Web page caption snippets:
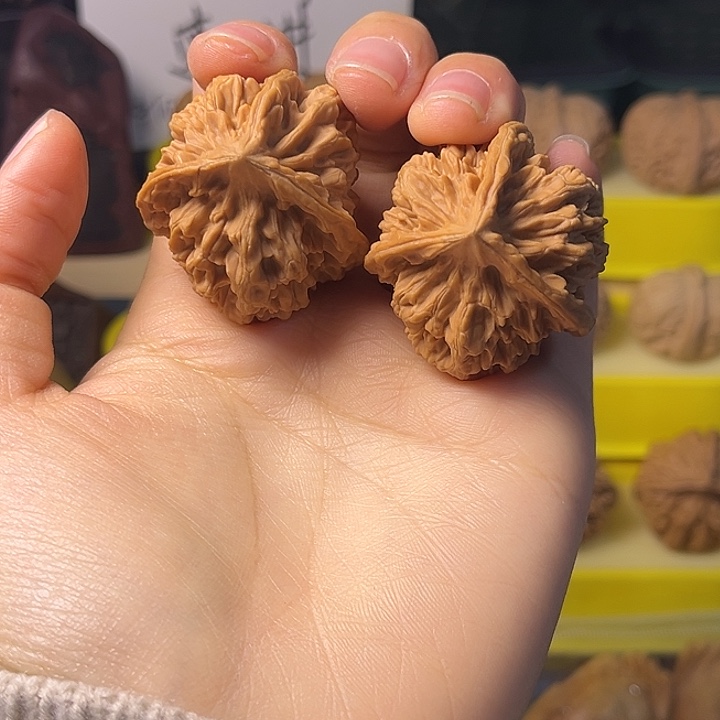 伊***斯文玩核桃吊坠帝王三棱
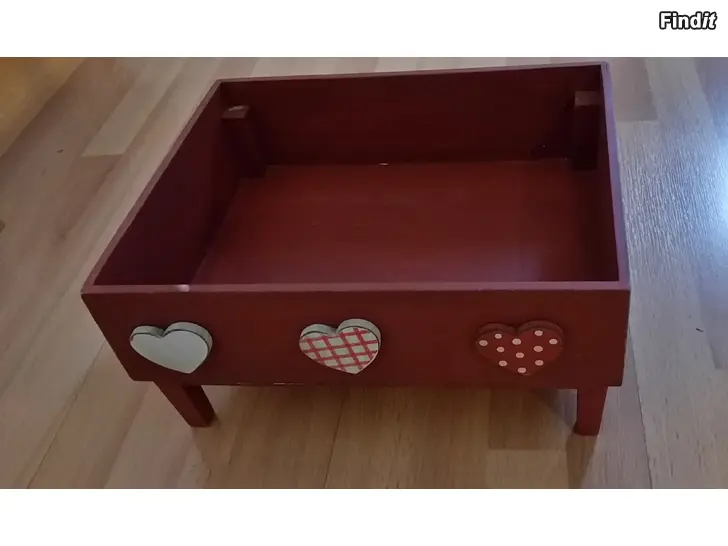 Myydään Puinen laatikko viininpunainen -hinta 5e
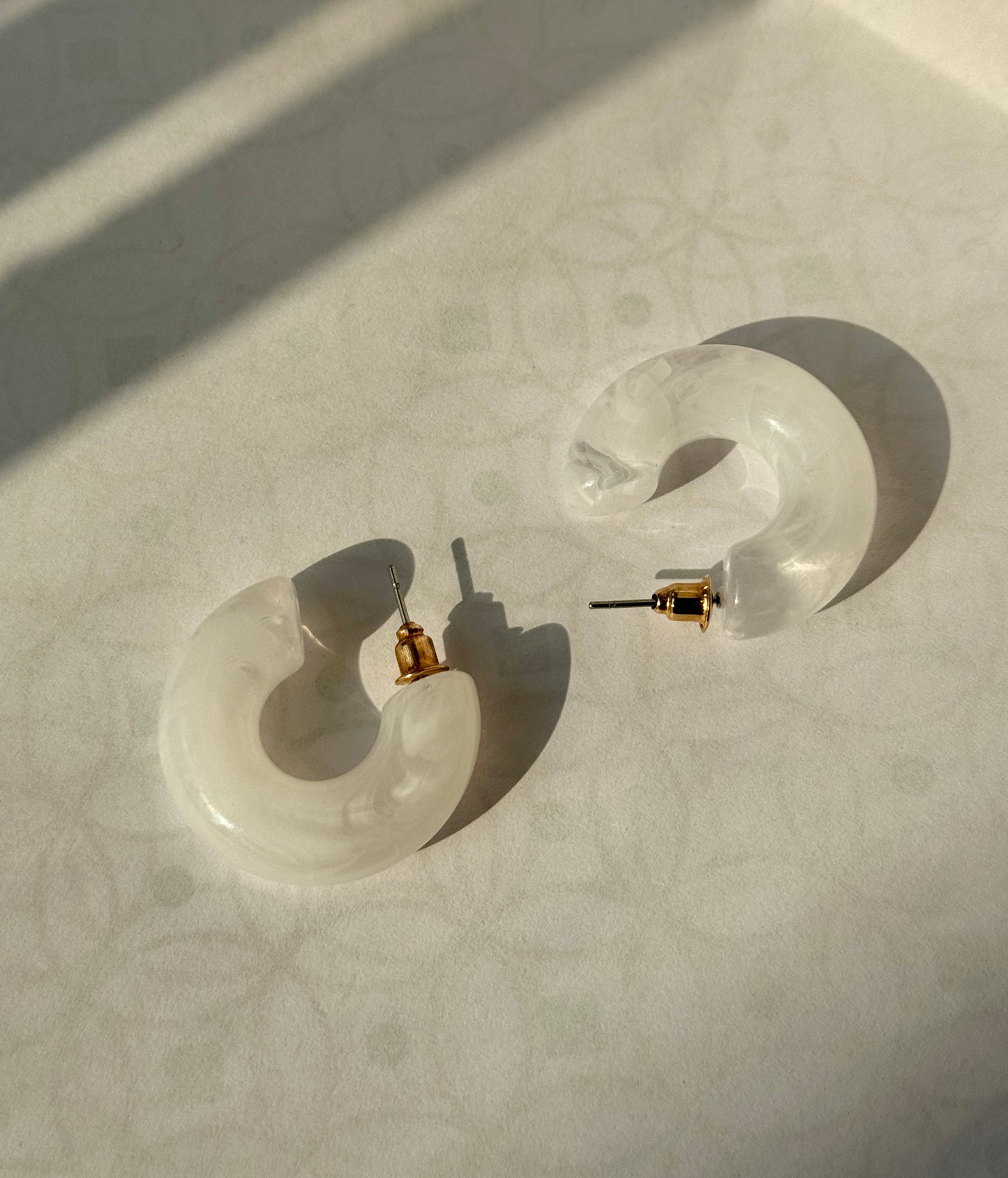 Summer Resin Hoops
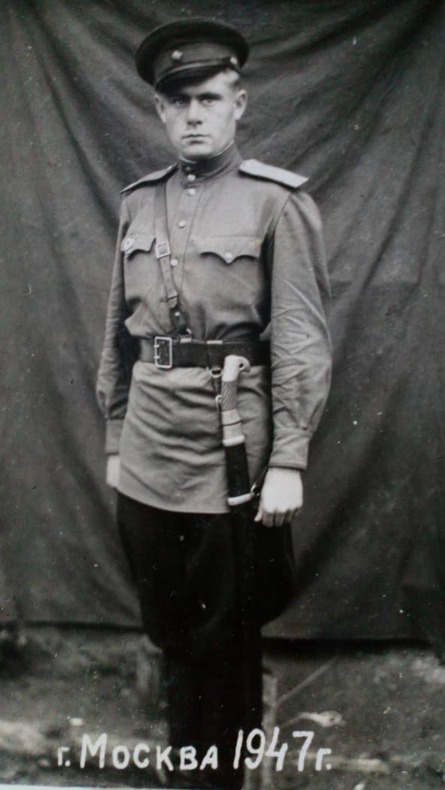 В боях получил легкое ранение в левую руку 27.09.1942 года. Участвовал в боях по защите СССР с 24.03.1943 по 25.02.1944 Волховский фронт, с 25.02.1944 Ленинградский фронт.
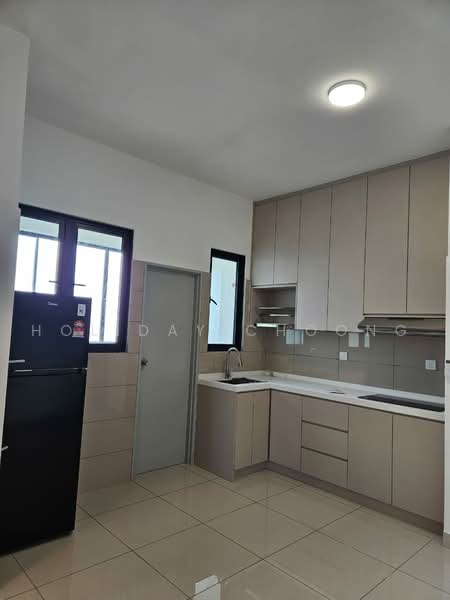 Kondominium untuk Disewa di Residensi Bintang - Holiday Choong - Kitchen - PropertyGuru.com.my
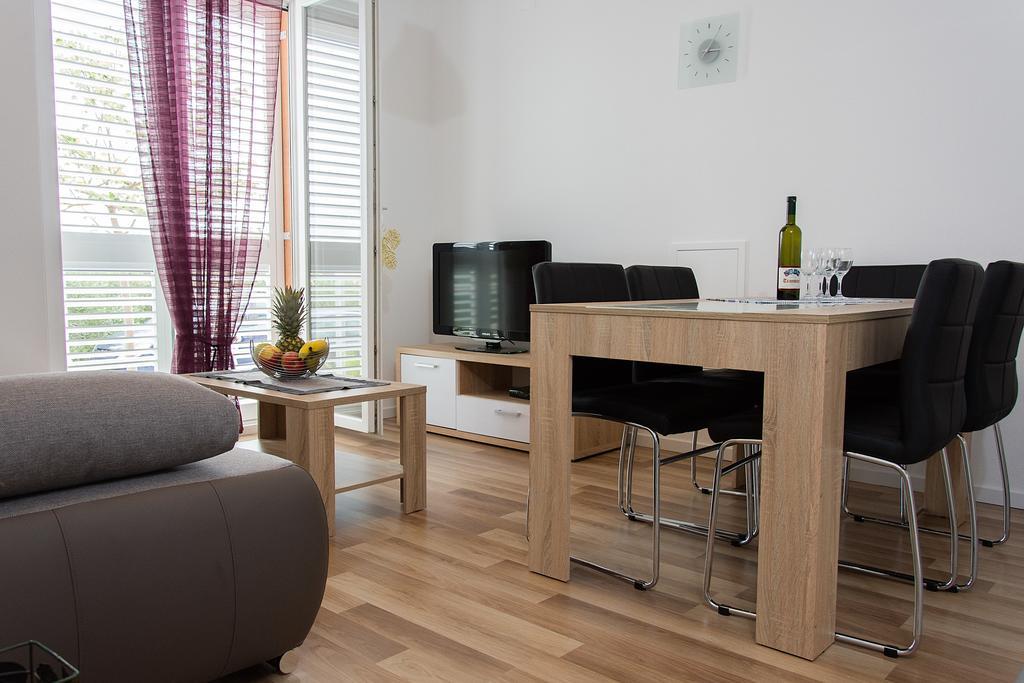 Apartment Gamma With Hydromassage Mini Pool Near Split Zrnovnica Экстерьер фото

Task brief
Output all data exactly, omitting images.

Completed exercise
 伊***斯文玩核桃吊坠帝王三棱
 Myydään Puinen laatikko viininpunainen -hinta 5e
 Summer Resin Hoops
 В боях получил легкое ранение в левую руку 27.09.1942 года. Участвовал в боях по защите СССР с 24.03.1943 по 25.02.1944 Волховский фронт, с 25.02.1944 Ленинградский фронт.
 Kondominium untuk Disewa di Residensi Bintang - Holiday Choong - Kitchen - PropertyGuru.com.my
 Apartment Gamma With Hydromassage Mini Pool Near Split Zrnovnica Экстерьер фото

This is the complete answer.